_TASK INPUT_

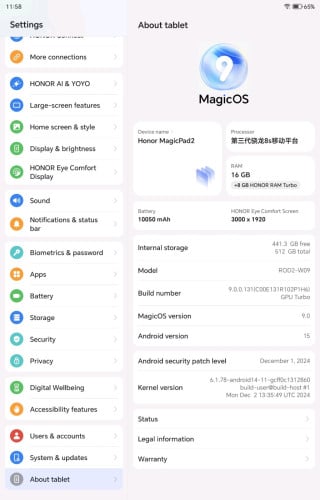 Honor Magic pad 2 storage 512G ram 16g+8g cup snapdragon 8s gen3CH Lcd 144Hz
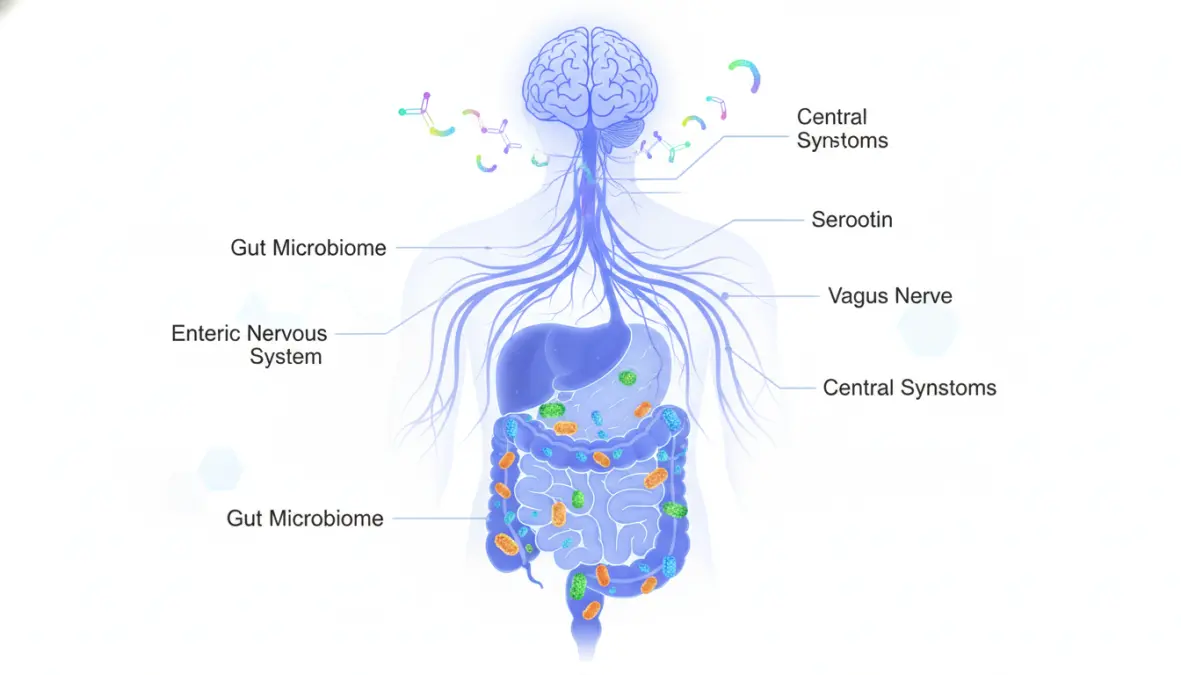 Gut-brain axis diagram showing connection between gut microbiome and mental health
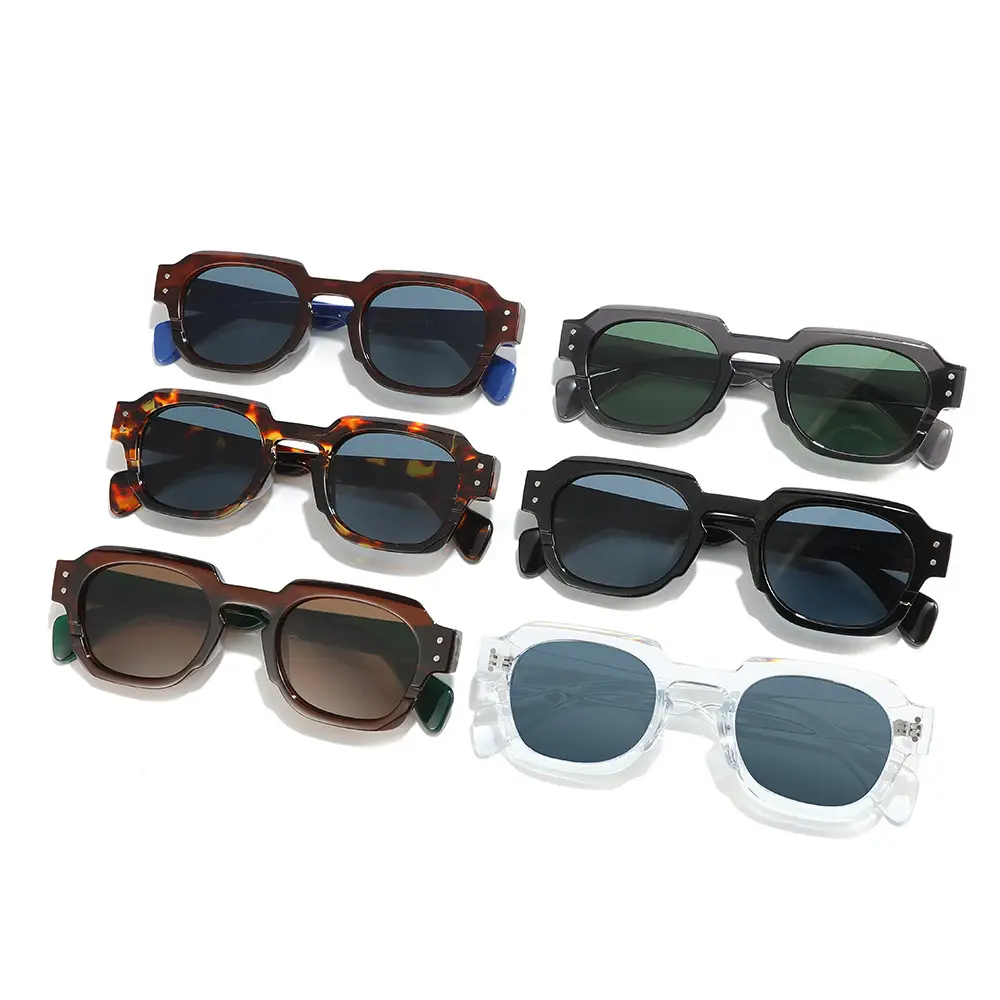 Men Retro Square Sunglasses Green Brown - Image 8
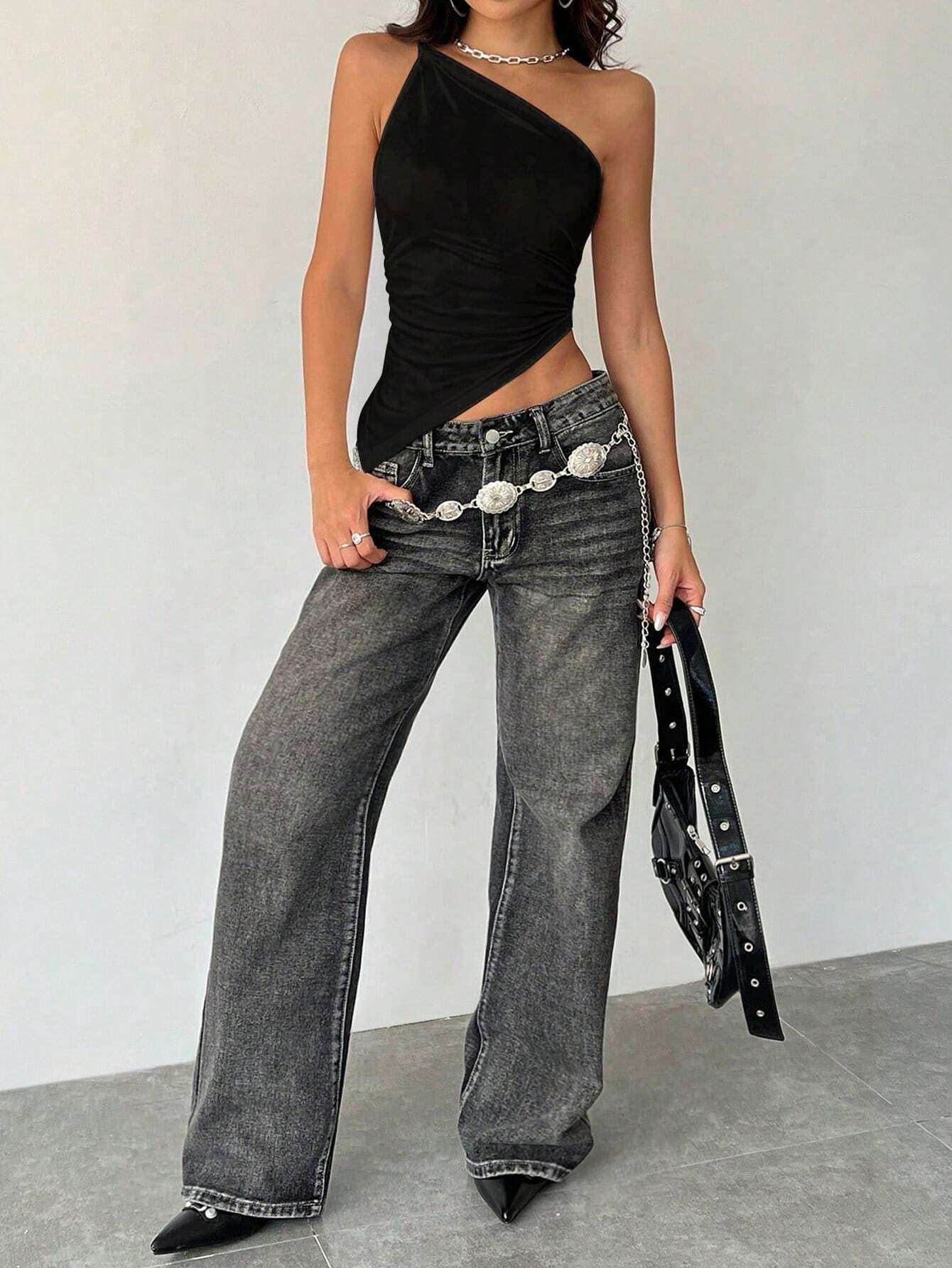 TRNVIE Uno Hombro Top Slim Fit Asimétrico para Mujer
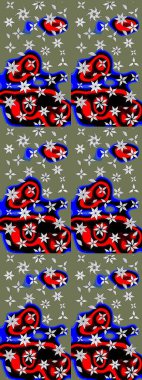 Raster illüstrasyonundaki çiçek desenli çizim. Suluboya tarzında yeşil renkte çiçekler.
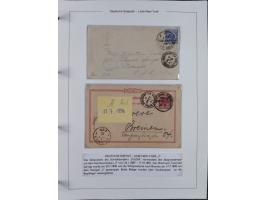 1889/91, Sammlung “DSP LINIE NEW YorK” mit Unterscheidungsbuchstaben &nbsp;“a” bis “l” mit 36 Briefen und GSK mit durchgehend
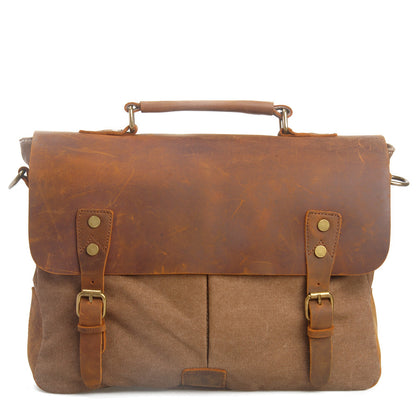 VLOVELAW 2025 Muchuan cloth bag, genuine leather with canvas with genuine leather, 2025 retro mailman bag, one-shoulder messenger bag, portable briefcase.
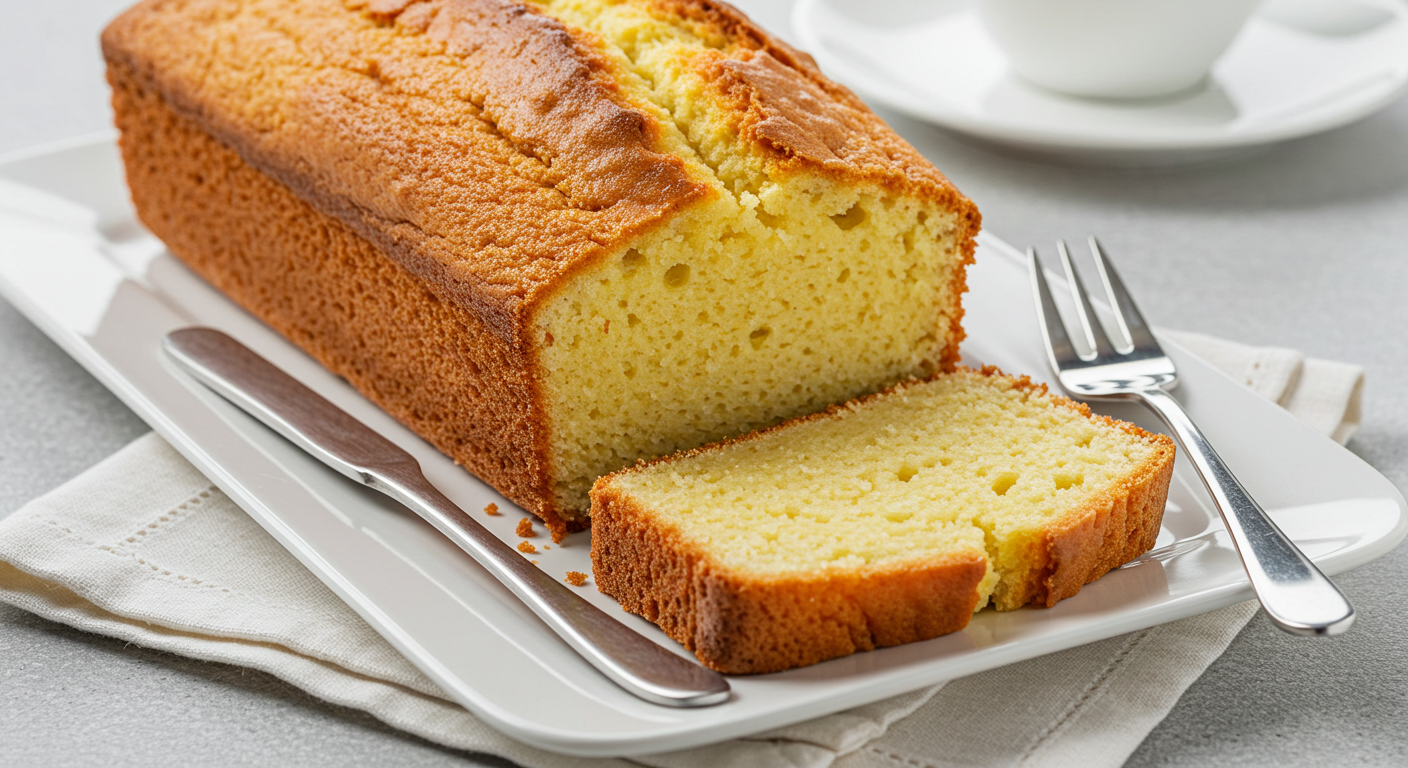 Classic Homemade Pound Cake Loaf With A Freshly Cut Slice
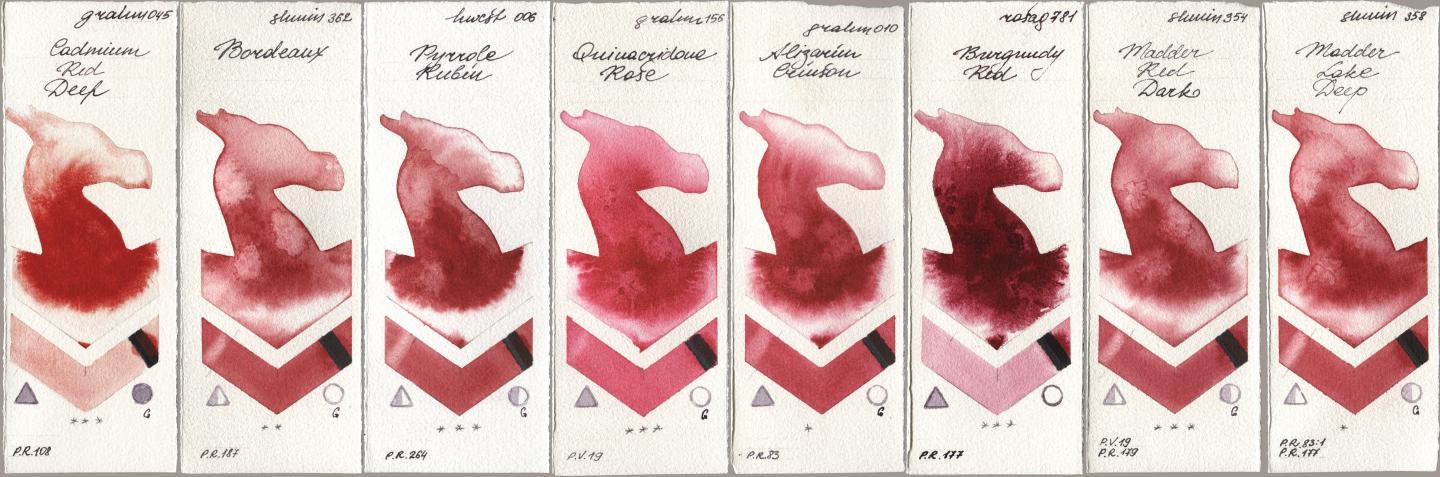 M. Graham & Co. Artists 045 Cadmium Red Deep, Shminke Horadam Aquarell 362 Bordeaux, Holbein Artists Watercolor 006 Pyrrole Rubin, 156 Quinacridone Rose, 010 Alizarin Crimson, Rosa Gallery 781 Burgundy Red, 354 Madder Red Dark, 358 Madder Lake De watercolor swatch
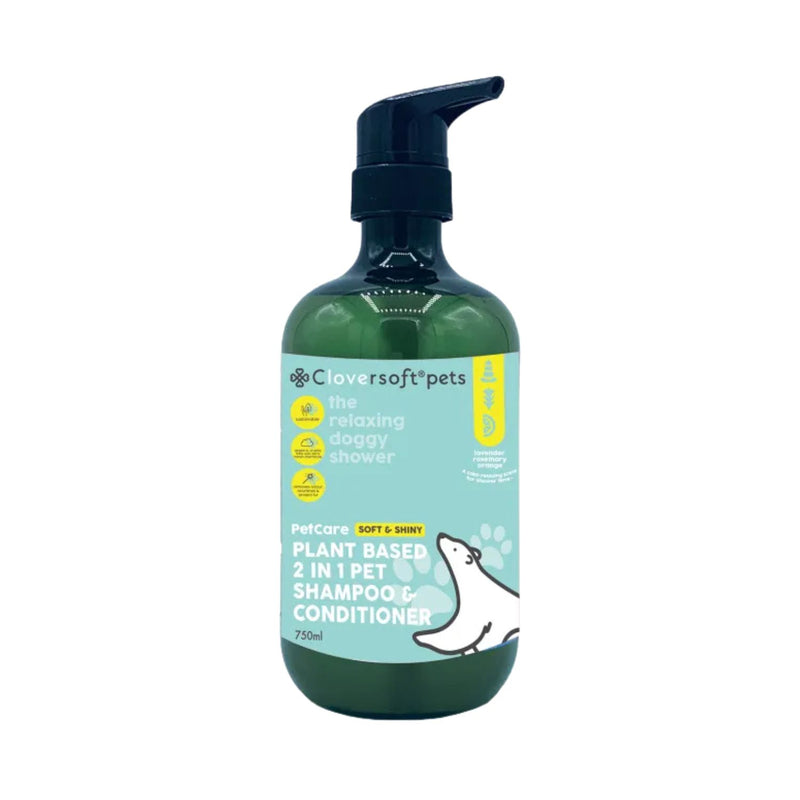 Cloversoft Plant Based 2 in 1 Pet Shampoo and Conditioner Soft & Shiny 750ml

_ASSIGNED TASK_
Using the data above, copy exactly the lines from the one containing "Men Retro Square" to the one containing "M. Graham &", inclusive. Exclude the pictures.

_TASK RESPONSE_
 Men Retro Square Sunglasses Green Brown - Image 8
 TRNVIE Uno Hombro Top Slim Fit Asimétrico para Mujer
 Raster illüstrasyonundaki çiçek desenli çizim. Suluboya tarzında yeşil renkte çiçekler.
 1889/91, Sammlung “DSP LINIE NEW YorK” mit Unterscheidungsbuchstaben &nbsp;“a” bis “l” mit 36 Briefen und GSK mit durchgehend
 VLOVELAW 2025 Muchuan cloth bag, genuine leather with canvas with genuine leather, 2025 retro mailman bag, one-shoulder messenger bag, portable briefcase.
 Classic Homemade Pound Cake Loaf With A Freshly Cut Slice
 M. Graham & Co. Artists 045 Cadmium Red Deep, Shminke Horadam Aquarell 362 Bordeaux, Holbein Artists Watercolor 006 Pyrrole Rubin, 156 Quinacridone Rose, 010 Alizarin Crimson, Rosa Gallery 781 Burgundy Red, 354 Madder Red Dark, 358 Madder Lake De watercolor swatch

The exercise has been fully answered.